The company cited a need to be “sustainable” and to cover the cost of “making innovative technological bounds at a rapid pace” as part of its rationale for introducing fees.

In mid-2023, HealthLink was awarded an eHealth NSW contract to the tune of $2.9 million to help develop an eReferral system.

This was followed by a $1.2m contract with HealthShare NSW in 2024.

“I’m not against private providers charging the services in a free and open market,” Dr Mollenkopf said.

“The expectation is that when there are multiple players in a market and they are providing efficiency gains that benefit me as a private business owner and as a professional, that there will be fees associated with it.

“The problem with this is that it is a captive market providing essential services with only one pathway to provide that service, and [HealthLink want to] apply a toll at the gate.”

Part of the reason that it felt so unfair to GPs, he said, was that HealthLink does not solve a problem on the practice end, but rather the state government end.

“You’re directing this toll back on to us as the businesses that are trying to help the government to become more efficient and to help the digital transformation,” the Newcastle GP said.
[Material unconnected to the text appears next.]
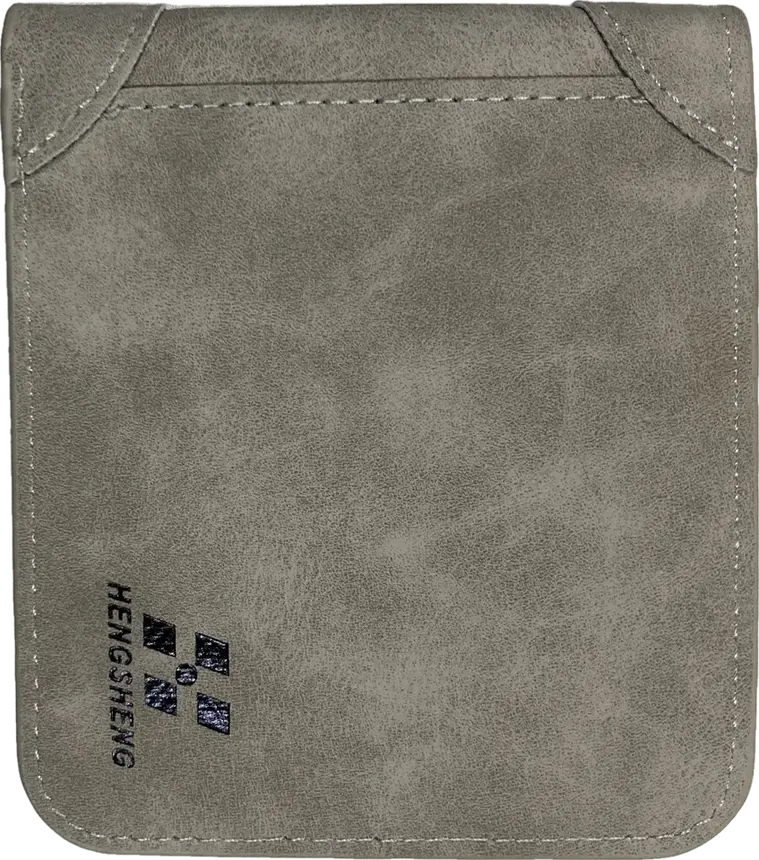 HENGSHENG Vintage Suede Bifold Wallet: stone grey, front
As various GPs turned to social media to vent their frustrations with the proposed subscription model, the RACGP set a meeting with HealthLink last week.

Following this meeting, the software vendor announced that it had put its plans on ice while conducting a consultation with the college, customers and other stakeholders.

“Digital health initiatives are critical for general practice and helping to improve the health of Australians, but GPs need support for universal uptake,” RACGP president Dr Michael Wright said.  

“And these systems should be interoperable.

“After decades of underfunding of Medicare, what we really don’t need is unexpected additional costs.”